With the data ready, the next step was symbology. Using the wizard I selected the Torque Cat option which allows you to apply variable colors to different categories. I defined fields to be used, colors, steps, etc. and fine tuned the settings in the CartoCSS tab to give a better aspect to the trails. I added a few elements on top of the map and a proper description for the visualization and that was it.
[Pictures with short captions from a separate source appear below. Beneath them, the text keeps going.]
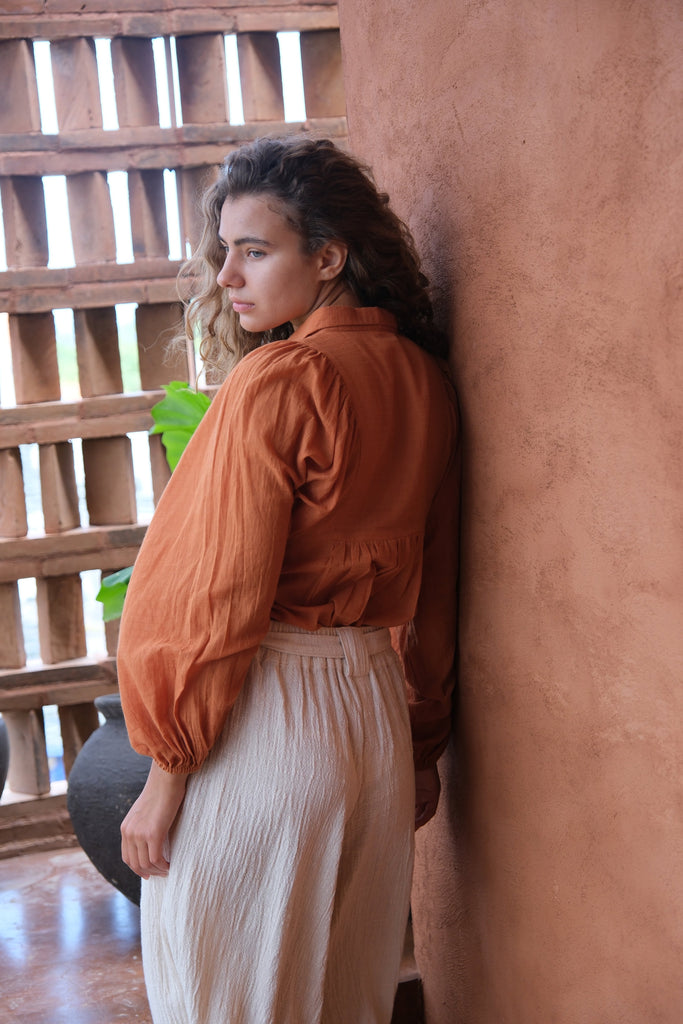 Presenting the Audrey X Crow Collection, featuring a woman in an orange Jane Austen Shirt and a white skirt. Showcasing handwoven fabric with block-printed stripes, this collection combines vibrant orange with classic white for an elegant and sophisticated look.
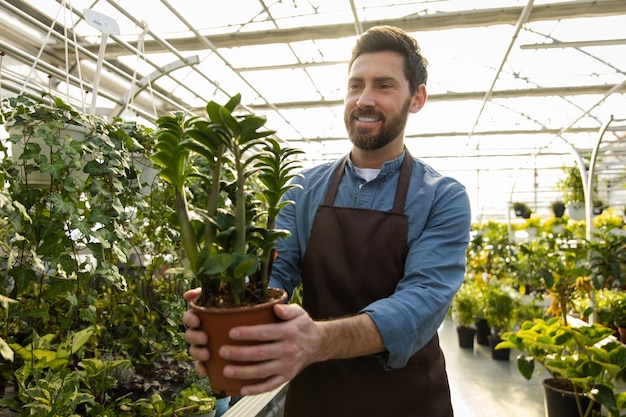 young bearded man holding a potted flower and looking contented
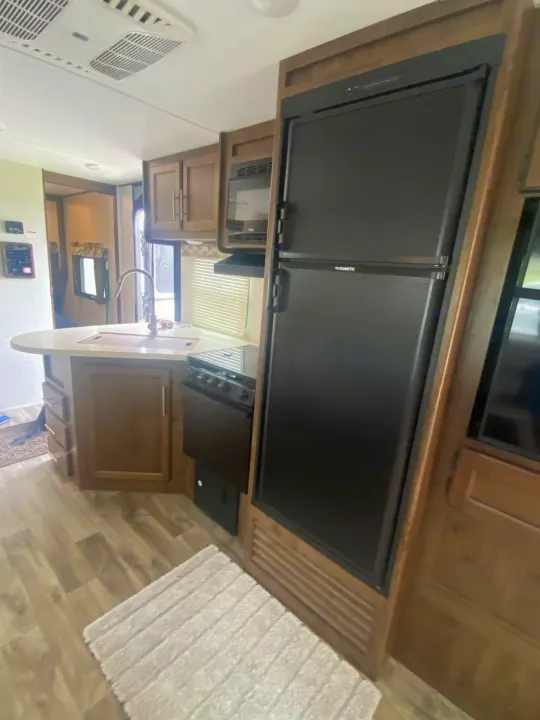 Spacious RV rental kitchen with modern fridge, sink, stove, microwave, and ample cabinets. Features wood-look flooring and bright interior.. Keystone Cougar Half-Ton 2018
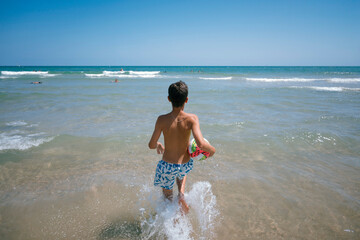 Teenage girl enjoying a fabulous day at the beach. She bathes in the sea.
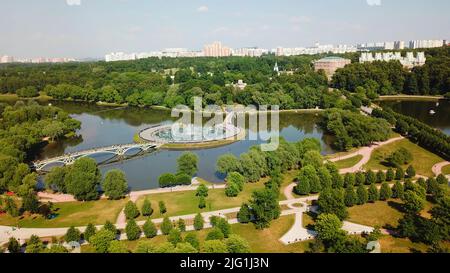 Vista aerea di un grande stagno, cespugli e alberi in un parco cittadino. Creativa. Giorno d'estate in un parco su sfondo cielo blu Foto Stock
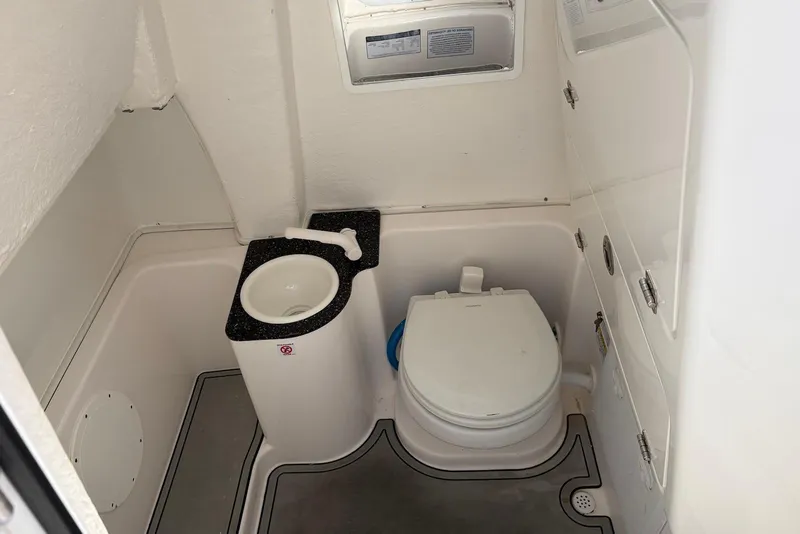Slide: The Image of 2022 Sea Fox 268 Commander boat bathroom with toilet and sink. - 17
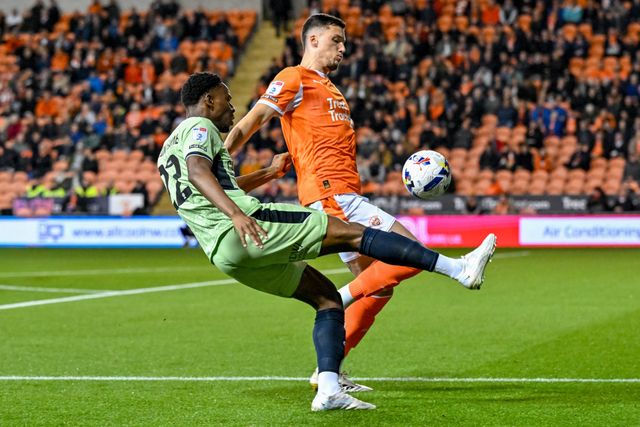 Lamine Fanne of Luton Town  puts over a cross under pressure from Oliver Casey of Blackpoolduring the Sky Bet League 1 match Blackpool vs Luton Town at Bloomfield Road, Blackpool, United Kingdom, 30th September 2025

(Photo by Adam Gee/News Images)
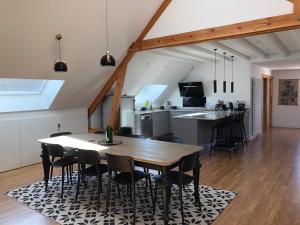 皮利尼蒙特拉谢Le Loft Deveney-Mars的厨房以及带木桌和椅子的用餐室。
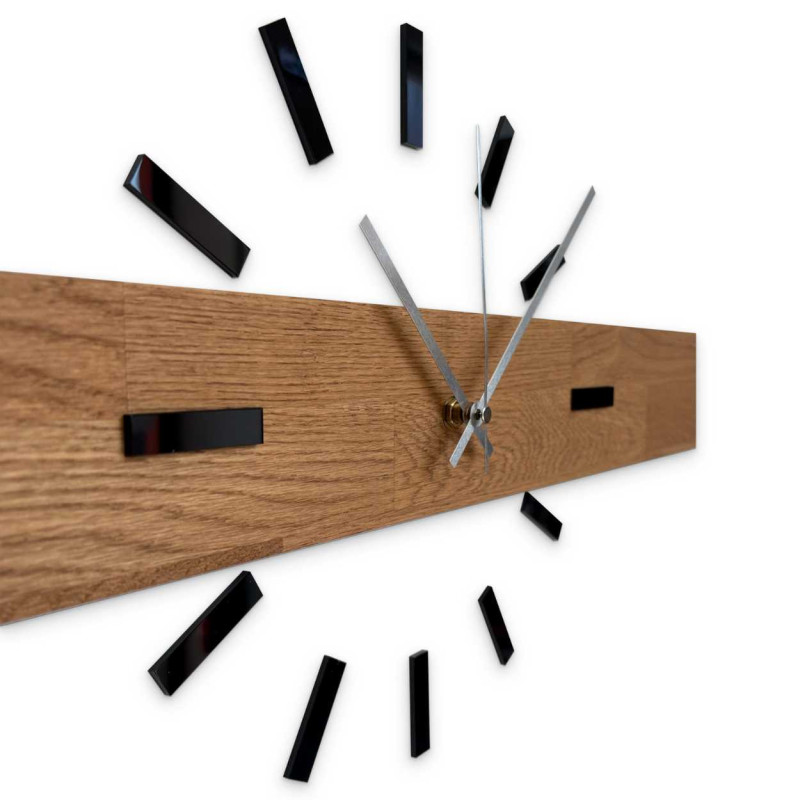 Simple and inexpensive wooden clock as a universal wall decoration.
Following the blog post, once you have the data in a well defined structure, you can start digging into on the numbers - that’s what they were collected for after all. With that table in CartoDB, you can run all kinds of aggregations and statistics but I wanted to try one that takes into account the spatial aspect. Watching the cool visualizations produced by the NBA portal, it seems the area covered by the team members is an important metric. That’s a Convex Hull of our positions grouped by moment and team!

WITH positions AS (
  SELECT
    game_clock,
    team_id,
  ST_MakePoint(x_loc,y_loc) as position
  FROM nba_moment
  WHERE team_id != -1  -- we don't need the ball
)
SELECT
  ST_Area(          -- get the area
    ST_ConvexHull(  -- of the polygon formed
      ST_Collect(   -- by the aggregation
        position    -- of the positions
  ))) area,
  game_clock, team_id
FROM positions
GROUP BY game_clock, team_id
ORDER BY game_clock, team_id

Plotting this query using web technologies is pretty straight forward, check the code of this jsfiddle and you’ll see that running the query and displaying this graph in 40 lines of code is easy as pie.

This is just an example, good sports geeks will know way better than me how to extract more knowledge from these datasets that technology applied to sports brings to us.

Happy data mapping!